Mais qui ne risque rien n’a rien. Ce serait laisser passer une occasion qui pourrait ne plus jamais se reproduire.

« Commencez à planifier cet assaut, ordonna-t-il. Partez du principe que vous disposerez de tous les atouts accessibles. De mon côté, je compte affecter autant de vaisseaux qu’il le faudra à la mise hors de combat des défenses extraterrestres avant l’intervention de vos fusiliers. Ce sera une sale besogne, mais je vous en sais capable. »

Carabali salua en affichant un sourire sardonique. « C’est précisément pour cela qu’on vous a fourni des fusiliers. Pour faire le sale boulot dont personne ne veut ou n’est capable. Quand voulez-vous avoir connaissance de mon plan, amiral ?

— Le plus tôt possible, mais prenez le temps nécessaire pour l’établir correctement. Nous n’irons nulle part avant d’avoir effectué d’innombrables réparations sur nos vaisseaux endommagés.

— Entendu, amiral. En l’occurrence, notre ignorance simplifiera notre planification. Il nous faudra considérablement improviser sur le tas à l’intérieur. Fort heureusement, les fusiliers sont très doués en ce domaine. »
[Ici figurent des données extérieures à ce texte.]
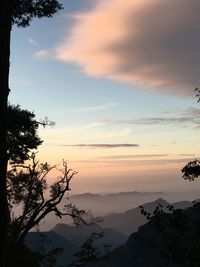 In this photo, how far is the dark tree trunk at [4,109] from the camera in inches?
322

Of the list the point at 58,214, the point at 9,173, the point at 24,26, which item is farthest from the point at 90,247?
the point at 24,26

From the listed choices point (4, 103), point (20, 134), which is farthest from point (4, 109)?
point (20, 134)

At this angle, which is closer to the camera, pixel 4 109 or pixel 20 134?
pixel 4 109

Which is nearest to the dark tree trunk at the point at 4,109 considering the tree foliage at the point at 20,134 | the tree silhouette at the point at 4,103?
the tree silhouette at the point at 4,103

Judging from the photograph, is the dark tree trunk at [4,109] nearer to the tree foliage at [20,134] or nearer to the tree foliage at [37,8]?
the tree foliage at [37,8]

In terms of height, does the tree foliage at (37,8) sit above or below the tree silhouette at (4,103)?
above

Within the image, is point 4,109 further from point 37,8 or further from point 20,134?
point 20,134

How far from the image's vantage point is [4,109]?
28.0 feet

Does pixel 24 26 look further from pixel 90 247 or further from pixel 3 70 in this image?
pixel 90 247

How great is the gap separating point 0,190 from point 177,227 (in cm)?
333

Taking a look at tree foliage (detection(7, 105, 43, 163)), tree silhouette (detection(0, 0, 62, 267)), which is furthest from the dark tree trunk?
tree foliage (detection(7, 105, 43, 163))

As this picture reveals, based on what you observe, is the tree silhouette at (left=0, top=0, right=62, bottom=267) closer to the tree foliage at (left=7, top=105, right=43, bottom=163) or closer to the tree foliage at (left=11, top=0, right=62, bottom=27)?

Geary s’assit une fois l’image de Carabali disparue ; il se prit la tête entre les mains en songeant à tous les hommes et femmes qui avaient déjà trouvé la mort dans ce système stellaire, ainsi qu’à tous ceux qui allaient encore périr parce qu’il avait pris cette décision.

Le supercuirassé tournoyait lentement dans l’espace : le creux marquant dans son flanc l’ancien emplacement de l’appareil de sauvetage revenait en vue à intervalle régulier. Il ne présentait guère de dommages, hormis à la poupe, où les unités de propulsion principales avaient été déchiquetées par une violente explosion au moins, laquelle avait apparemment déclenché une sorte de réaction en chaîne. « Les principaux secteurs consacrés à l’ingénierie sont peut-être détruits aussi, avait suggéré le capitaine Smyth. Auquel cas ils ont peut-être été contraints de couper leur réacteur ou ce qui en tient lieu.